From the clear perspective of a new day, I can see where the whispers came from. I can rebuke them in the name of Christ. Pixie is still hurting, but improving. The Admiral stayed home with her today so I can keep today's appointments. I am blessed. The chili for Sunday is cooking. The cake for Saturday's party is baked. My amazing husband works on laundry when his computer is compiling.  Now I find myself enveloped in silence.

A gift.

Nothing I should be doing. No tasks to get done. Twenty minutes to sit and be with Jesus.


I sit.          I listen.         I pray.            I calm.

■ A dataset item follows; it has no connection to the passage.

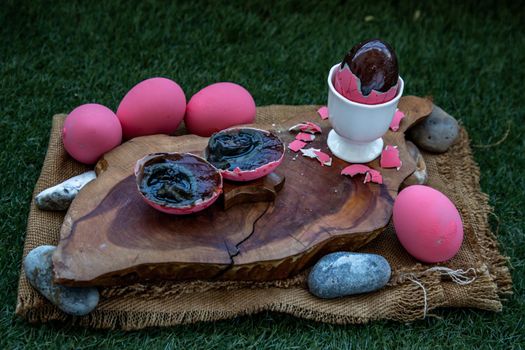 Asian Traditional Food, Pink Century eggs (Pidan Eggs) also known as preserved egg, hundred-year egg, thousand-year egg are a Chinese preserved food product and delicacy made by preserving duck, chicken in A Mixture of Ash, Salt, Red Lime, Sodium Carbonate, Tea Leaves and Zinc Oxide, Selective focus.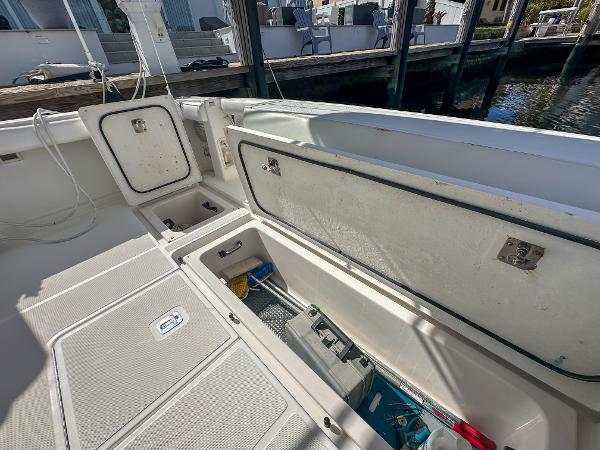 2006 Tiara Yachts 3200 Open deck with storage compartments open.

"Thank you Lord for a gift moment. Thank you for helping grasp it to the fullest. Your blessings overwhelm. A time alone with no job or task. 
Time just to be."   


Look back, Friends, at the week past. Do you see them? The gift moments the Father sprinkles into your days. Did you see it while you were in the moment? Tell me about your last gift moment from heaven.

1 comment:

Unknown said...

Weekday work mornings I have a sort-of gift-moment built into my schedule. I have a 30+ minute drive to work 4 days a week. I don't enjoy driving and especially not highway driving, but I have to get to work each day. One morning a couple years ago I was upset with God for not answering a prayer. His response was that I wasn't listening for an answer, and pushed me to turn the radio off. Since that day my radio has been off for the morning ride to work. The first 15 minutes on the Interstate I offer up some quick Thank-Yous and sing praises, then on the peaceful state road for the next 15- I pray, or keep quiet, or continue singing- but I try to be sensitive to whatever God might be speaking back to me, and be responsive to God. This week he gave me a song- parts of it had started months ago, but it came back fuller this week and I finally wrote it down- posted it to my blog today.

Those times when we are captive. In the car for 20 to 30 minutes, waiting for a child in a sport or activity or whatever- What great times to remember we are not alone, and spend some quality time with The One who is always there loving us.